Yep. The flavor is simply out of this world. The aroma as it cooked almost gave me a high. Plain white rice is dead to me now.
If you follow the blog you’re probably familiar with how much I love jasmine rice. I don’t know how I lived my whole life without knowing about it, but since discovering it a year or two ago, I just can’t stop. It’s incredible. If you haven’t tried jasmine rice yet, go find it NOW.
What is Jasmine Rice?
Jasmine rice is naturally fragrant and has the most wonderfully rich, mellow, and almost nutty flavor. You can find it at most major supermarkets either in the international foods aisle or in the rice section, usually on the bottom shelf. Even Walmart is in the jasmine rice game and is selling Great Value brand jasmine rice. It can be pricy if you buy one of those small specialty brand containers but if you buy an Asian brand (usually in larger bags on the bottom shelf), it can be just as inexpensive as regular rice. Also check bulk bins. Some stores will have jasmine rice (white AND brown) in bulk.
Spice it Up!
Anyway, I decided to kick up the jasmine rice by adding a few spices and something magical happened. The turmeric and cumin added to the rich, nutty flavor of the jasmine rice and the little pinch of cinnamon added just a hint of spicy sweetness… like hitting the cymbals on a drum kit. The first bite was so good, I swear I saw angels.

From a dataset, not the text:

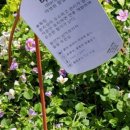 향설초 Sutera cordata(Chaenostoma cordatum) 바코파 꽃말 및 개화 시기 번식 키우는 방법 후기 일지 기록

What Do You Serve with Yellow Rice?
This super flavorful yellow rice makes an excellent side to just about any grilled or roasted meat. I have served it with Chicken Adobo, Garlic Butter Baked Chicken Thighs, and Chimichurri Chicken Kebabs. It also makes a great component to vegetarian meals. I like to pair it with a fried egg and some sautéed greens (see Golden Rice Bowls).
Can I Make This in a Rice Cooker?
Yes! While it does turn out a little better when you sauté the garlic and spices in a skillet first, you can just add all the ingredients to a rice cooker and press “go” when you’re in a pinch!
Yellow Jasmine Rice
Ingredients
- 2 Tbsp butter ($0.22)
- 2 cloves garlic, minced ($0.16)
- 1 tsp turmeric ($0.10)
- 1/4 tsp cumin ($0.02)
- 1/8 tsp cinnamon ($0.02)
- 2 cups uncooked long grain jasmine rice ($0.96)
- 3 cups chicken broth* ($0.38)
- 1 bay leaf, optional ($0.15)
Instructions
- Add the butter, garlic, turmeric, cumin, and cinnamon to a medium sauce pot. Sauté over medium heat for 1-2 minutes, or just until the garlic has softened.
- Add the uncooked rice to the pot. Stir and cook over medium heat for about 2 minutes to slightly toast the rice. You may hear a slight popping or crackling noise as the rice toasts.
- Add the chicken broth and bay leaf to the pot. Place a lid on top, increase the heat to high, and bring the pot to a rolling boil. As soon as it reaches a full boil, reduce the heat to low and let it simmer (with the lid in place) for 20 minutes.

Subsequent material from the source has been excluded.